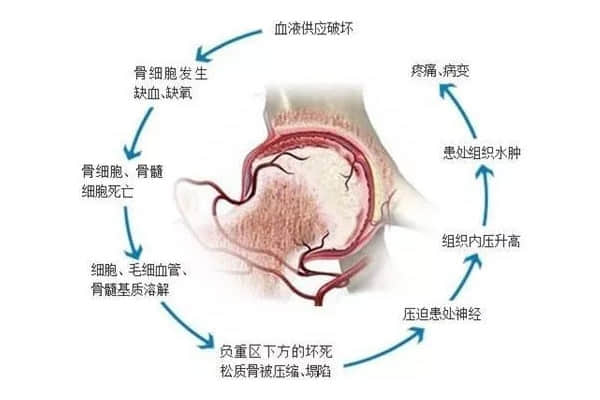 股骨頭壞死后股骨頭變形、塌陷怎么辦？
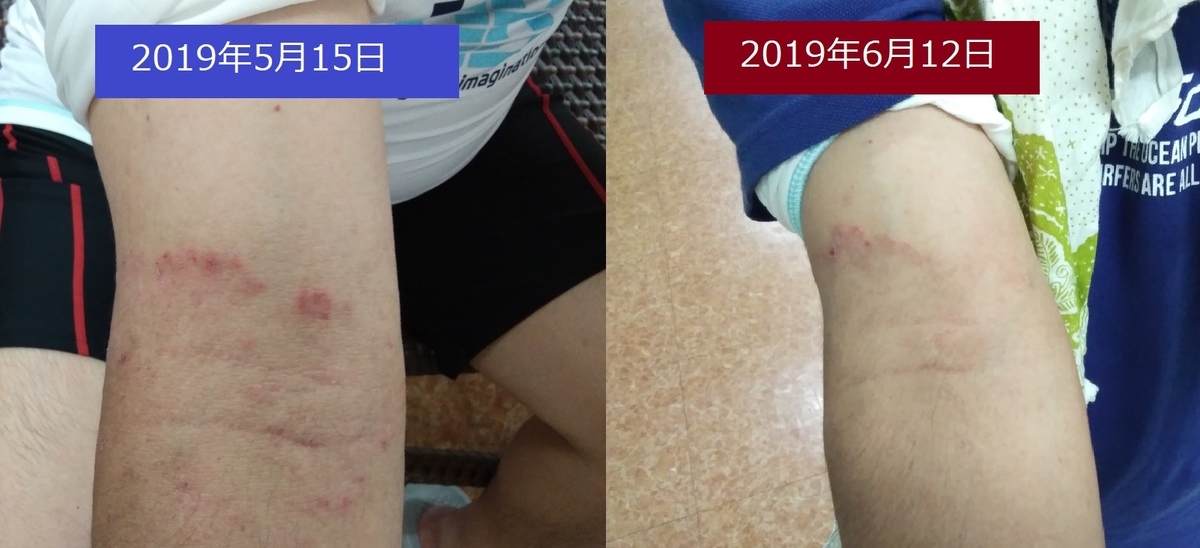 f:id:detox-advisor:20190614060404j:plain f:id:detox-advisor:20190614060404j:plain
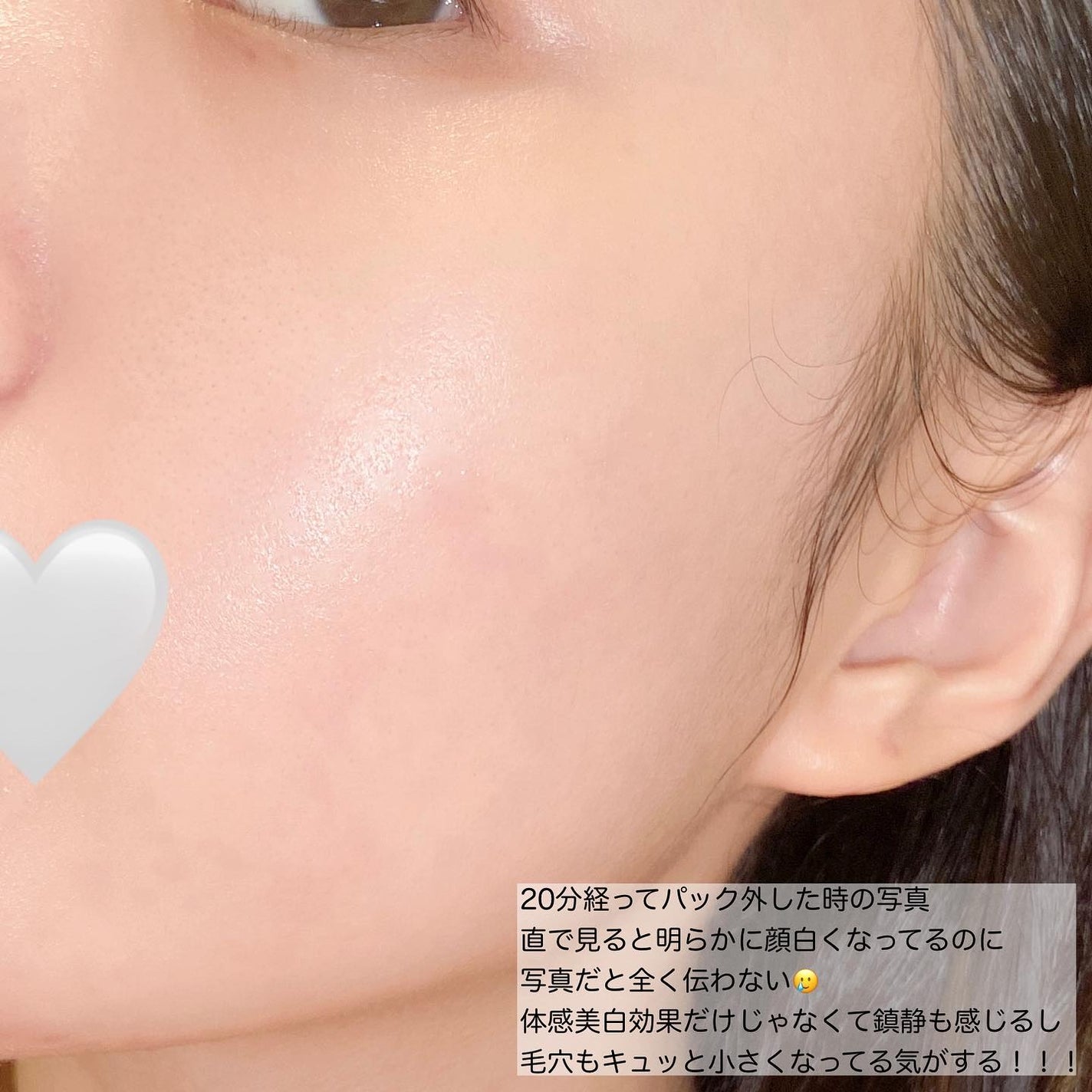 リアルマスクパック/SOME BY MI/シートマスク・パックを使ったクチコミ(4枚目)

+ + + + +

#### Work instructions
Return every line above exactly, omitting images.

#### Solution to the exercise
 股骨頭壞死后股骨頭變形、塌陷怎么辦？
 f:id:detox-advisor:20190614060404j:plain f:id:detox-advisor:20190614060404j:plain
 リアルマスクパック/SOME BY MI/シートマスク・パックを使ったクチコミ(4枚目)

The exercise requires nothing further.